I enjoy spending a few minutes each Sunday morning reading Maria Popova’s remarkable newsletter entitled Brain Pickings.  This week she penned The Optimism of the Oyster, focused on the history and science of the oyster.  Far from the lowly and simple form of life it was once believed to be (“more like a lifeless rock than like a creature”), the oyster is a complex and vital part of the coastal marine ecosystem.  It is far closer to human than rock.  It was a favorite of Darwin, and of his promoter T.H. Huxley: 

“I suppose that when the sapid and slippery morsel — which is gone like a flash of gustatory summer lightning — glides along the palate, few people imagine that they are swallowing a piece of machinery (and going machinery too) greatly more complicated than a watch.”

According to Popova, it has also played a key role in the culture of 19th century New York City, and served as an early presager of the environmental crises of the 20th and 21st century.  Popova quotes from an 1891 book The Oyster: A Popular Summary of a Scientific Study, by Johns Hopkins University zoologist William K. Brooks:

“The fact, which for many years we strove to hide even from ourselves, [is] that our indifference and lack of foresight, and our blind trust in our natural advantages, have brought this grand inheritance to the verge of ruin.”
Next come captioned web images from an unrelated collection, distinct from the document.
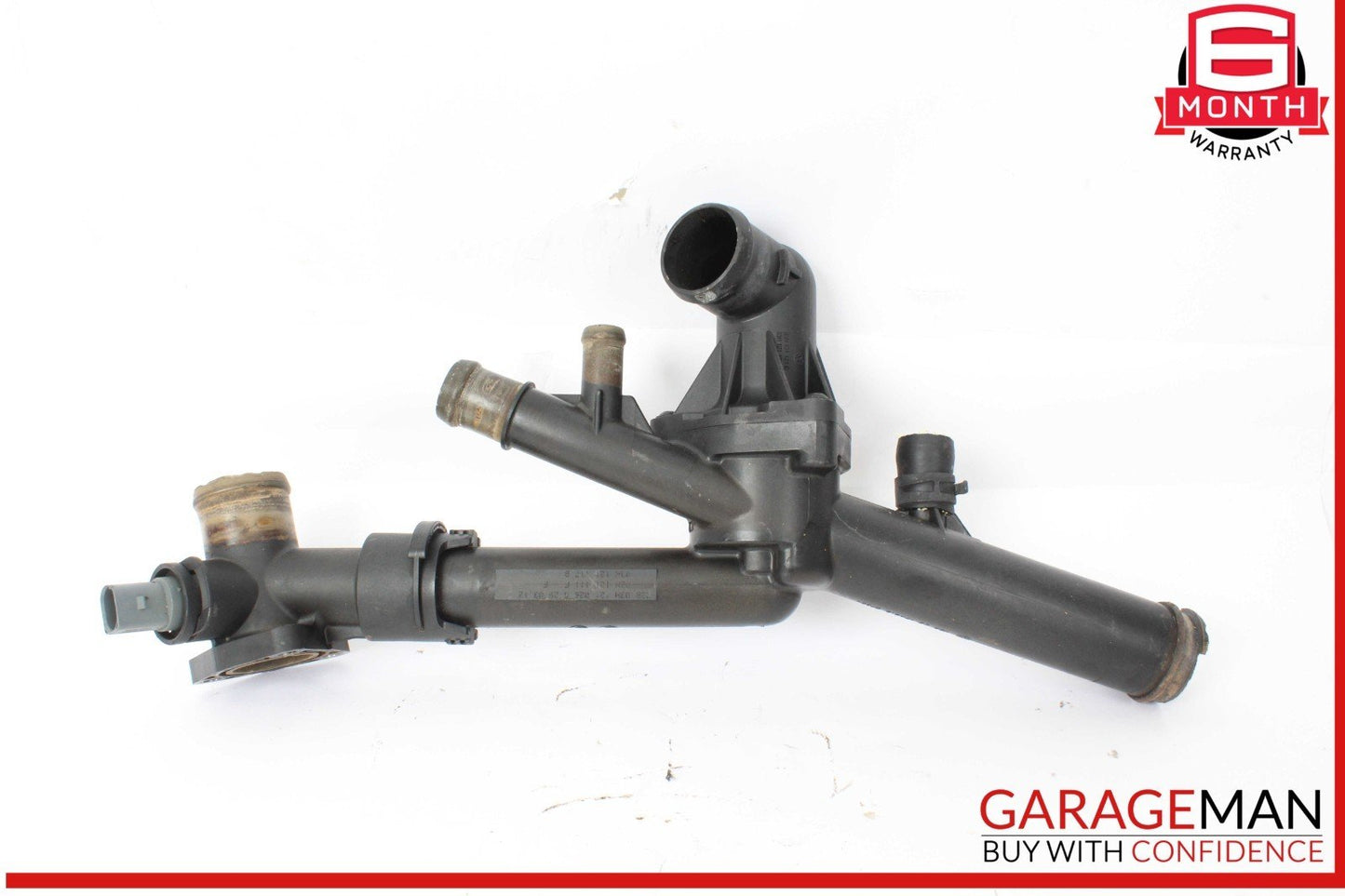 09-16 Audi S4 Engine Water Thermostat Housing 03H121117 OEM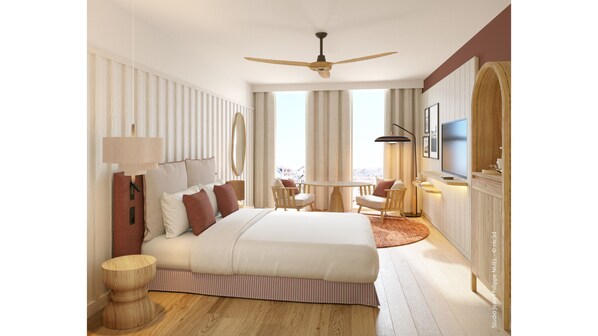 Premium bedding, down duvets, minibar, in-room safe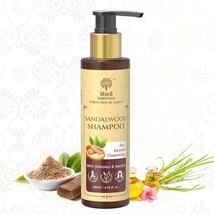 Khadi Essentials Sandalwood Rose Hair Shampoo with Geranium 200ml - £18.24 GBP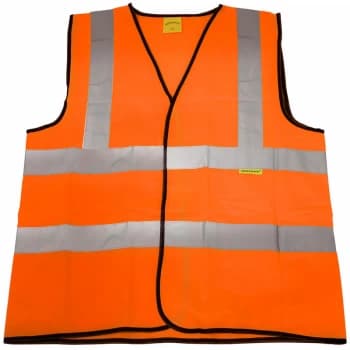 9812XXL Hi-Vis Orange Waistcoat (Site and Road Use) - XXLarge - Worksafe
But there is hope, as well.  Popova highlights the movement to clean up NYC’s harbor through the restoration of its oyster beds in the Billion Oyster Project — “one of the most inspired and inspiring restoration, conservation, and ecological education endeavors of our time.”  My own New England has its own version, led by the Nature Conservancy, of Oyster Aquaculture and Restoration.

Perhaps, with care, we can have our oysters and eat them too.